---------- Exercise materials

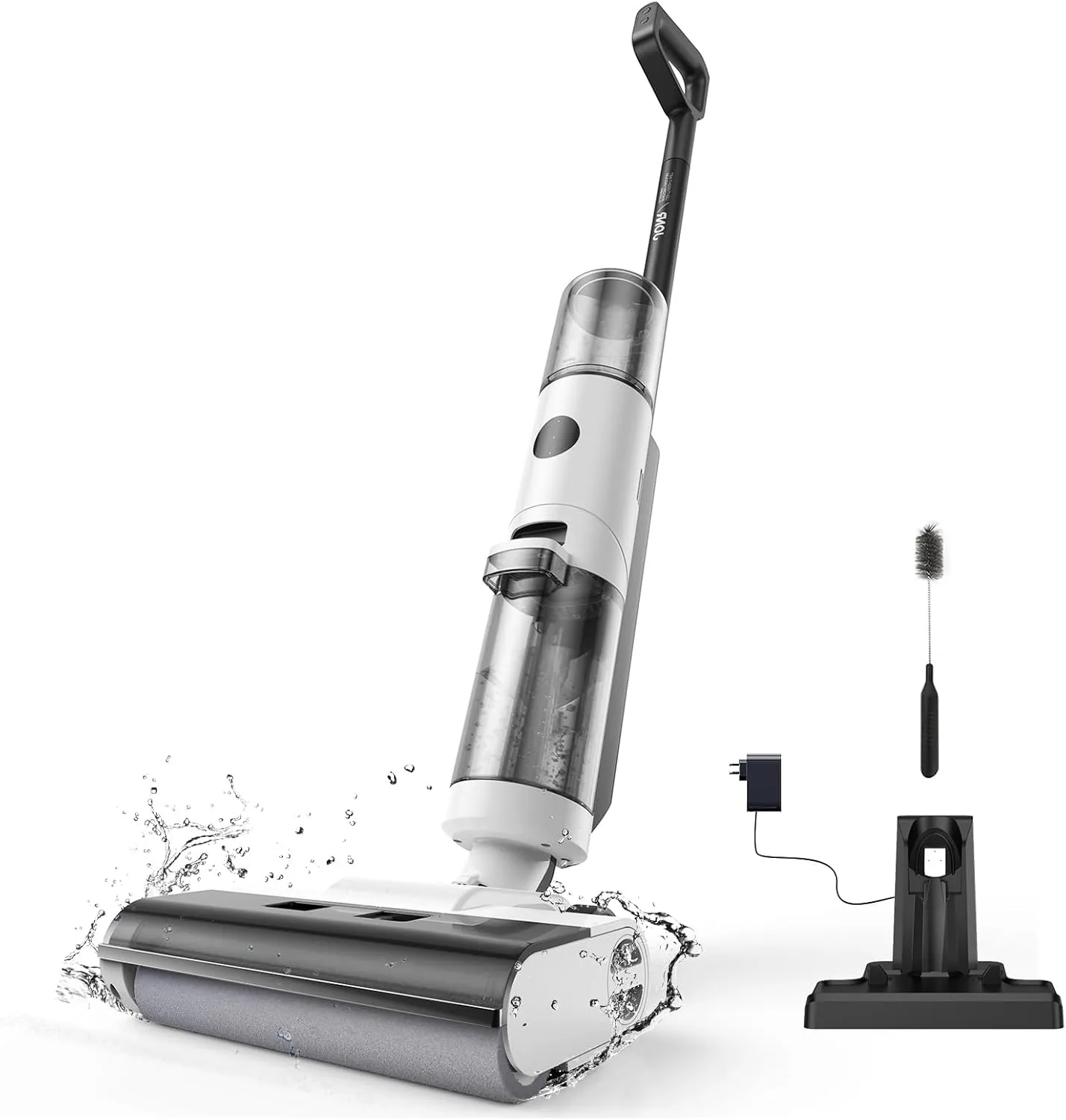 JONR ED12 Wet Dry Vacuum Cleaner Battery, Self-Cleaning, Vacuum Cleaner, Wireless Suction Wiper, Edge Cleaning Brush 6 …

--------------------
---------- Exercise materials

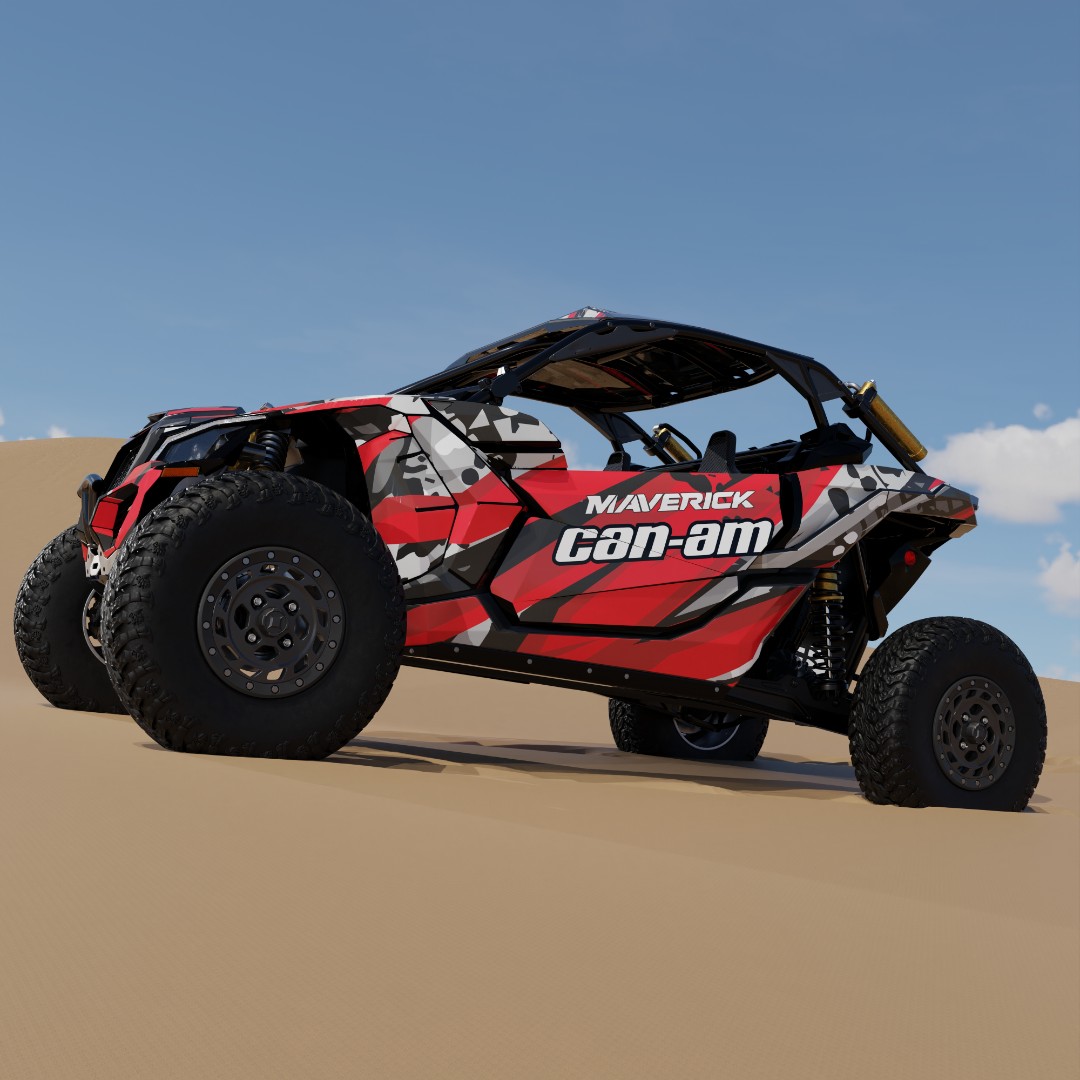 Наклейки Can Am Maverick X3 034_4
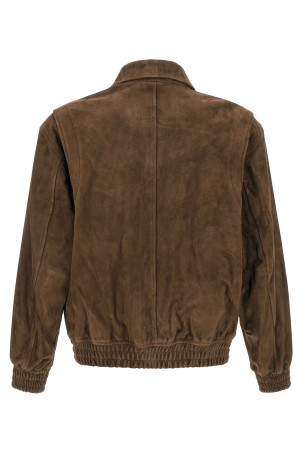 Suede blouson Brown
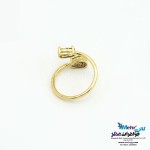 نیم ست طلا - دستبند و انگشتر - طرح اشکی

--------------------

## Work task
Every line above from the one with "Наклейки Can Am Maverick X3 034_4" down to the one with "نیم ست طلا - دستبند و انگشتر - طرح اشکی" must be written out exactly, and no picture may appear.

## Worked solution
 Наклейки Can Am Maverick X3 034_4
 Suede blouson Brown
 نیم ست طلا - دستبند و انگشتر - طرح اشکی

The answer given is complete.